- Developer: Square
- Publisher: Square
- Designers: Nobuyuki Hoshino Hiroyuki Ito
- Programmers: Keitarou Adachi Kiyoshi Yoshii Hiroshi Nakamura
- Artists: Masaaki Miura Masanori Hoshino Takashi Tokita
- Writer: Goujin Komori
- Composer: Nobuo Uematsu
- Platform: Family Computer
- Release: JP: November 30, 1989;
- Genre: Role-playing
- Mode: Single-player

= Square's Tom Sawyer =

1989 video game

Square's Tom Sawyer (スクウェアのトム・ソーヤ, Sukuwea no Tomu Sōya) is a role-playing video game produced by Square that was released exclusively in Japan in 1989 for the Family Computer. The game is directly based on Mark Twain's renowned 1876 novel, The Adventures of Tom Sawyer, and was developed in the role-playing video game niche that made Square famous with its acclaimed Final Fantasy series of video games.

==Gameplay==

In this battle sequence, Tom and Jim fight a snake.
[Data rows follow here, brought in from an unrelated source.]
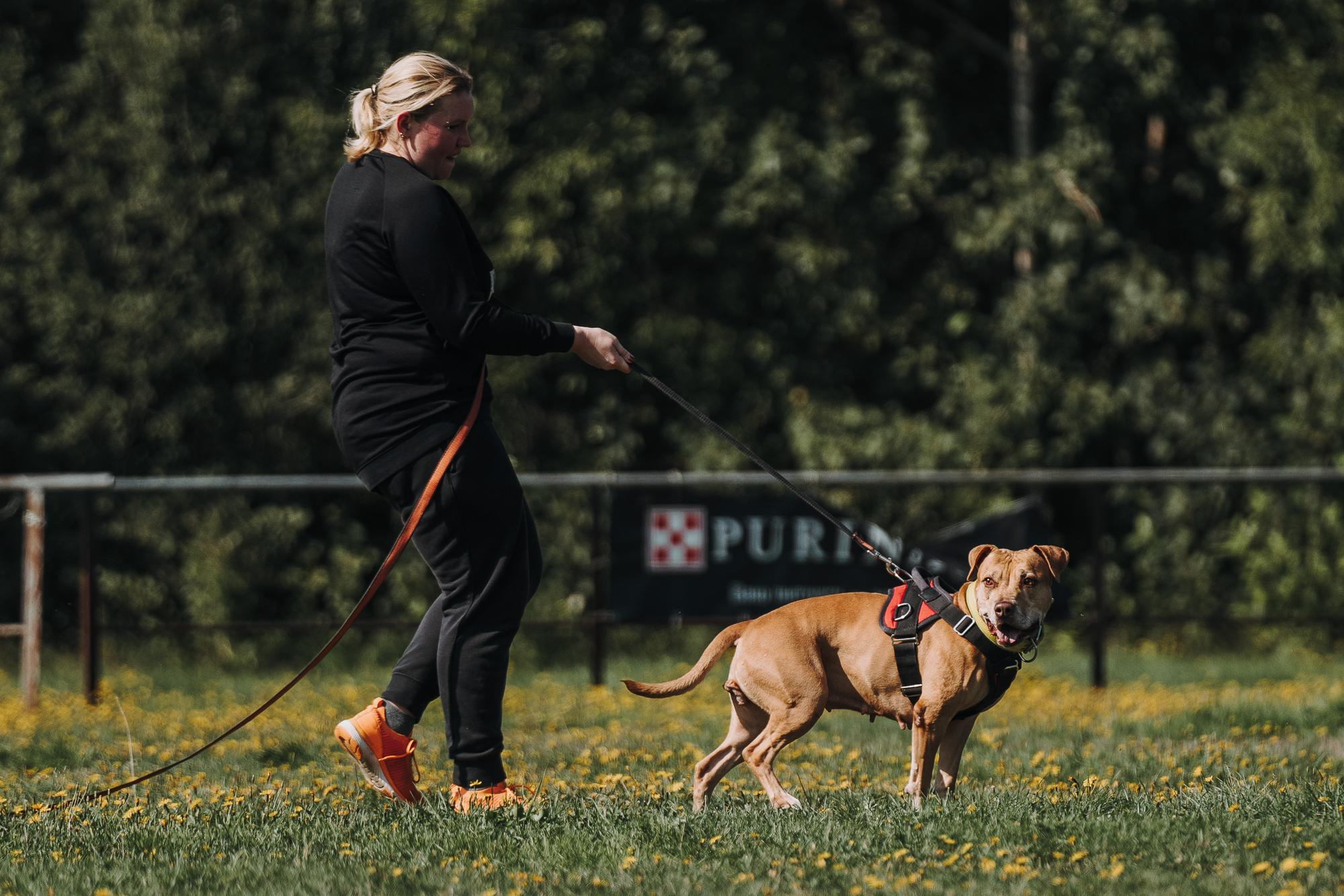 День пита и стаффа. Фотограф анималист Осипчикова Мария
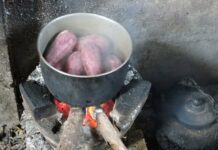 Luộc khoai đừng chỉ dùng nước lạnh, thêm 1 thìa này khoai nhanh chín, ngọt bùi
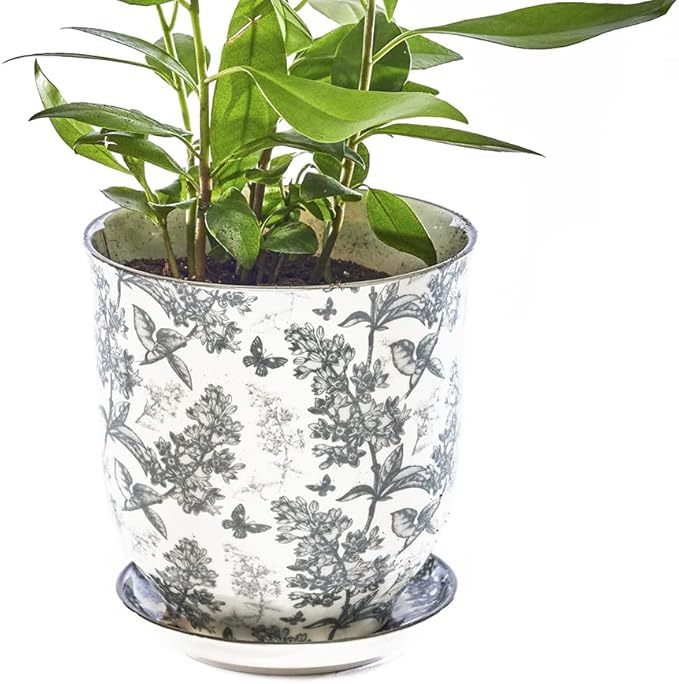 CHIVE ‘Liberte’ Ceramic Succulent Pots — 4.25” Cute Vintage Farmhouse Style Planters for Indoor Plants — Beautiful Home & Kitchen Decor — Grey Forest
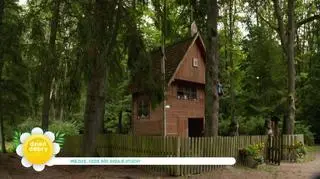 Uroczysko Święte Miejsce przyciąga wiernych nie tylko z Polski. Według legendy działy się tam cuda
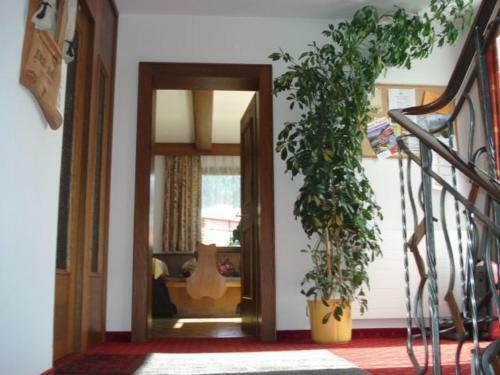 Bed & Breakfast G�stehaus Sillaber-gertraud Nuck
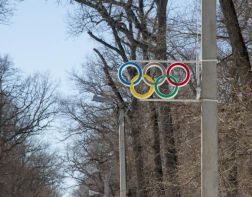 Пензенцы просят избавить Олимпийскую аллею от наркоманов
Players control Tom Sawyer and his friends as they join the party, such as Jim and Huck, and they each have RPG game statistics such as health, power, and speed. Characters can choose to equip no weapons, and fight with their fists, but there are a large number of collectible items. Key cards and black magic are also present in the game. The game features an enemy that triggers the reset button on a players controller bringing them back to the title screen.

==Plot and setting==
Square's Tom Sawyer is based on Mark Twain's 19th century book "The Adventures of Tom Sawyer" and features many characters from that book. The plot takes place in 1855 on the Mississippi River in the fictional town of St. Petersburg, Missouri. The game begins with Tom Sawyer having a dream saying that in a southern location a pirate treasure is buried. Aunt Polly wakes Tom the next morning, and Tom sets out to find the treasure.

==Development==
Square's Tom Sawyer was scored by famed Final Fantasy composer Nobuo Uematsu, who is described as taking a more "scenic" approach to the game than his previous works. Artist Katsutoshi Fujioka worked on the game title as well. Around the time that Sakaguchi was writing scenarios for what would become the original Final Fantasy, Hiromichi Tanaka decided to make a game based on "Tom Sawyer" at the same time and formed a team to make it. Takashi Tokita developed some of the graphics, and designed Tom Sawyer as well, but working on the game was difficult for Square to do as teams struggled to finish both games at once, and help was given by the different teams to complete the titles.

Being released between Final Fantasy II and III, the game was similar to the former in that there was no experience point system. Many of the gameplay systems were later seen in an evolved form in the SaGa series. Goto Komori, a detective writer, created the games scenarios. The game had the name "Square" added to the front as another video game about Tom Sawyer came out earlier the same year. Tom hunting for buried treasure is a plot point taken from the original story. According to Nobuo Uematsu, the game was not immediately released after it was completed, and came out a long time after in order to avoid big game releases by Square or their rivals.

==Reception and legacy==

Speaking to Tom, Jim displays a typical blackface caricature.

The game was never localized outside Japan, and was noted by IGN as an example of racism in video games. In 2010, UGO ranked it as the #4 most racist video game in history.

The portrayal of black people as blackfaced caricatures with huge lips has been noted about the game. In GameSpys retrospective overview of the Famicom, Benjamin Turner and Christian Nutt's Square column concludes that "one of the most amusing Square games that didn't come [to the U.S.] was Square's Tom Sawyer, an RPG starring the happy-go-lucky boy wonder that featured a...racially insensitive...character". Artist Takashi Tokita explained in 2018 that when the game was made, there was not a "standards and practices" department to ensure that games did not contain materials that would be offensive in other cultures.